Партизаны готовятся сейчас к воскресной поездке на базар. Они привезут не только листовки и сводки Советского Информбюро, отпечатанные в лесных типографиях, но и московские газеты: маленькие самолеты «У-2» каждую ночь с отчаянной смелостью пролетают над вражескими зенитными пушками и сбрасывают над партизанскими зонами пачки свежих газет.
Их-то и привезут в Минск знакомые и незнакомые Тане партизаны, чтобы в городе получить кое-что взамен: должно быть, не один такой вот дядя Юркевич пополнил за эти дни свой «арсенал».
Наскоро попрощавшись с Костей, Таня прежде всего пошла к одному из домиков на окраине, где, она знала, бывали люди от Андрея.
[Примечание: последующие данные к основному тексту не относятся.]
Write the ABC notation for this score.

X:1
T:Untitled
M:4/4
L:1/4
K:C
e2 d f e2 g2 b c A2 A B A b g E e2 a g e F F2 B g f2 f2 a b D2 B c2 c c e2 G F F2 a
Через них можно было предупредить об опасности многих.
Еще издали Таня заметила подводу, запряженную двумя лошадьми. Знакомыми показались двое бородатых крестьян, отворявших ворота, чтобы лошади могли войти во двор.
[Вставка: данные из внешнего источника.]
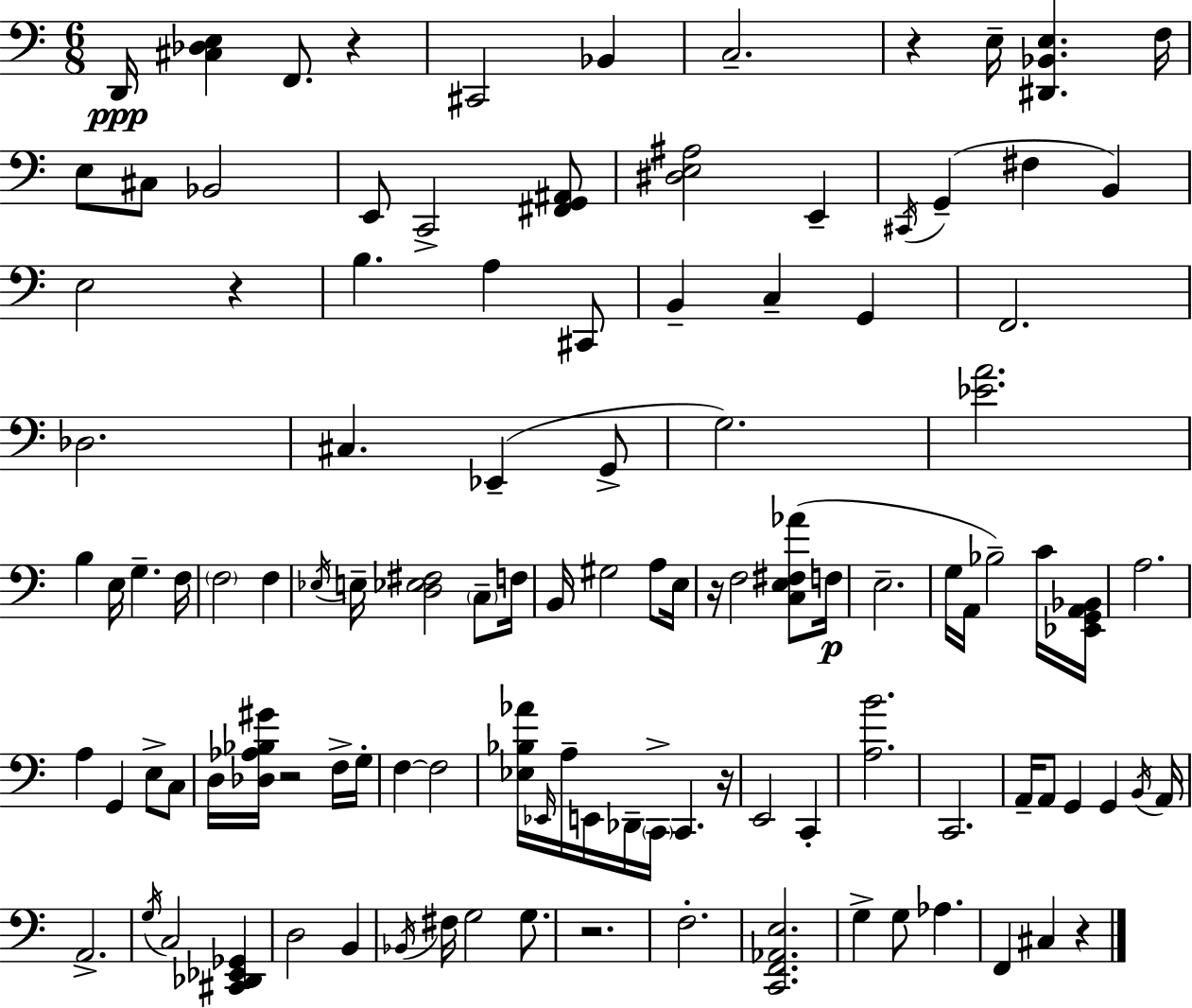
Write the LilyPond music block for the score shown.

{
  \clef bass
  \numericTimeSignature
  \time 6/8
  \key c \major
  \repeat volta 2 { d,16\ppp <cis des e>4 f,8. r4 | cis,2 bes,4 | c2.-- | r4 e16-- <dis, bes, e>4. f16 | \break e8 cis8 bes,2 | e,8 c,2-> <fis, g, ais,>8 | <dis e ais>2 e,4-- | \acciaccatura { cis,16 }( g,4-- fis4 b,4) | \break e2 r4 | b4. a4 cis,8 | b,4-- c4-- g,4 | f,2. | \break des2. | cis4. ees,4--( g,8-> | g2.) | <ees' a'>2. | \break b4 e16 g4.-- | f16 \parenthesize f2 f4 | \acciaccatura { ees16 } e16-- <d ees fis>2 \parenthesize c8-- | f16 b,16 gis2 a8 | \break e16 r16 f2 <c e fis aes'>8( | f16\p e2.-- | g16 a,16 bes2--) | c'16 <ees, g, a, bes,>16 a2. | \break a4 g,4 e8-> | c8 d16 <des aes bes gis'>16 r2 | f16-> g16-. f4~~ f2 | <ees bes aes'>16 \grace { ees,16 } a16-- e,16 des,16-- \parenthesize c,16-> c,4. | \break r16 e,2 c,4-. | <a b'>2. | c,2. | a,16-- a,8 g,4 g,4 | \break \acciaccatura { b,16 } a,16 a,2.-> | \acciaccatura { g16 } c2 | <cis, des, ees, ges,>4 d2 | b,4 \acciaccatura { bes,16 } fis16 g2 | \break g8. r2. | f2.-. | <c, f, aes, e>2. | g4-> g8 | \break aes4. f,4 cis4 | r4 } \bar "|."
}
Свои! Партизаны из Бобров — как вовремя прибыли они за очередной партией оружия.
— А я к вам! — приветствовала их Таня. — Мне срочно надо попасть в Бобры, к Андрею.
Таня предупредила хозяев о предстоящей облаве, посоветовала им принять все меры предосторожности и непременно попросила повидать Тамару Синицу. Пусть они дома тоже будут очень осторожны, а о ней, Тане, могут не беспокоиться: она вернется в Минск к воскресенью.
Ехали в Бобры долго, окольным путем. Петляли, едва тащились, останавливались несколько раз отдохнуть, чтобы не вызвать подозрений у охранников и патрульных. Только и того, что возвращаются с базара, полностью расторговавшись, двое крестьян, слегка навеселе, а тот, что постарше, — видно, дочку прихватил с собой в город. Вон как глазеет вокруг простодушная деревенщина — все ей в диковинку.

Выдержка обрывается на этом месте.